Aunque es imposible adivinarlo, la persona que considerase esta realidad con ojos de fe, quedaría desconfiada y con sospechas de que de alguna manera la continuidad de Su presencia en la tierra se realizaría, ya que esa hipótesis se adapta tanto a las cualidades divinas de Jesús, nuestro redentor y amigo, y a las nobles apetencias de los que le conocieron, creyeron y convivieron con Él.
Esa presencia anhelada y de imperiosa necesidad, se hace, precisamente, a través del misterio Eucarístico, algo que ninguna mente angélica o humana podría soñar, pero que el Sagrado Corazón de Jesús concibió, en una locura de amor.
La Eucaristía es su presencia real entre nosotros. Tan real, como la que hace dos mil años recorrió los caminos de Galilea, de Samaria o de Judea; y hasta más prodigiosa, ya que su cuerpo está en estado glorioso, tal cual como ascendió a los cielos, desde donde intercede por nosotros junto al Padre y está a nuestra espera. Jesús se fue… y se quedó. La Eucaristía es la solución maravillosa a ese problema acuciante del vacío dejado por Cristo en la ascensión. Dios no solo murió una vez por nosotros ¡Él vive siempre con nosotros!
El sensum fidei, el sentido de la fe, no miente.

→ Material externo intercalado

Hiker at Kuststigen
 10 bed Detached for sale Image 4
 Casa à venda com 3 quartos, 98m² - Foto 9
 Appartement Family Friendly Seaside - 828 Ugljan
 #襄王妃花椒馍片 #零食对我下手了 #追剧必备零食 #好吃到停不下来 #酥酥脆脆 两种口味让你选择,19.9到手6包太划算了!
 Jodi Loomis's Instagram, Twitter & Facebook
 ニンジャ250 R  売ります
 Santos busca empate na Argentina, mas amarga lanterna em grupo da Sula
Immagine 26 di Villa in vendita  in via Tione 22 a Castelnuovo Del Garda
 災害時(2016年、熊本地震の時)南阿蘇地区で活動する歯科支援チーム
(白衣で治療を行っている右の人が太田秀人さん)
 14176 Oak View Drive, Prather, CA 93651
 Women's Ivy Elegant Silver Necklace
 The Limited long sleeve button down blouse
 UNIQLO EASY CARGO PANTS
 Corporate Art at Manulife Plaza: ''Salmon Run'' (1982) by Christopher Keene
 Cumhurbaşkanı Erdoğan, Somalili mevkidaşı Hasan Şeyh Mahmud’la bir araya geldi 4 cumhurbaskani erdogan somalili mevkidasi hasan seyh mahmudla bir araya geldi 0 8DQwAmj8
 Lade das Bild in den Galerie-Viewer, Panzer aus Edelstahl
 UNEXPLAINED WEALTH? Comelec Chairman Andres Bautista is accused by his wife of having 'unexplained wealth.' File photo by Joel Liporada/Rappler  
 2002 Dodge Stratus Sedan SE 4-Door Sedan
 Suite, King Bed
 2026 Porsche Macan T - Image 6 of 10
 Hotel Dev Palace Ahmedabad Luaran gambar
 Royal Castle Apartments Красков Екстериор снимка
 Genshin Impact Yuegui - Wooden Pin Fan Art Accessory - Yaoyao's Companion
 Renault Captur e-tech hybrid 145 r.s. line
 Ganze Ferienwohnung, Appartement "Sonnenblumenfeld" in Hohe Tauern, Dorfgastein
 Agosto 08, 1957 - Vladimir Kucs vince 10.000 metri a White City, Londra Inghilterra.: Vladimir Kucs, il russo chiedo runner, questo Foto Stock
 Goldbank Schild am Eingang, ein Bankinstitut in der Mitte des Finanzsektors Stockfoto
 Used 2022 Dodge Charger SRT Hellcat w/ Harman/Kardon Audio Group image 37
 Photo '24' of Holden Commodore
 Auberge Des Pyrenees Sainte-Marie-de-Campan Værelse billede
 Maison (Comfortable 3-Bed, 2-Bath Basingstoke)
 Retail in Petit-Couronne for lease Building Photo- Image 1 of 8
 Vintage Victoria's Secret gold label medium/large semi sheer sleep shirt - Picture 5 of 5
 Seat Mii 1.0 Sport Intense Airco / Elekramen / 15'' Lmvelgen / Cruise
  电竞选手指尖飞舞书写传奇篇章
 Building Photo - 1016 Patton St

Hace dos mil años, el preocupado personaje imaginario trataba de imaginar lo inimaginable… que fue imaginado y realizado por Dios.
La Escritura tampoco miente. Dijo Dios en el Antiguo testamento: «Pondré mi morada entre vosotros» (Levítico 26, 11). Y después de resucitar, cuando se disponía a ascender al cielo, Cristo ratificó: «Estaré con vosotros todos los días hasta el fin del mundo» (Mt. 28; 20).
Y yo ¿Cómo puedo llegar a subestimar o, peor, a ignorar a Dios realmente presente en la Eucaristía, y no darle el culto debido? ¿No es acaso la Eucaristía una Pascua eterna? Es que no estoy dando oídos a la Palabra de Dios, ni a las íntimas comunicaciones que Jesús me infunde por la virtud de la fe.
Así siendo, como el padre del muchacho poseído por un espíritu impuro, también digo lleno de confianza: «Señor, yo creo, pero ayuda a mi incredulidad» (Mc. 9, 24).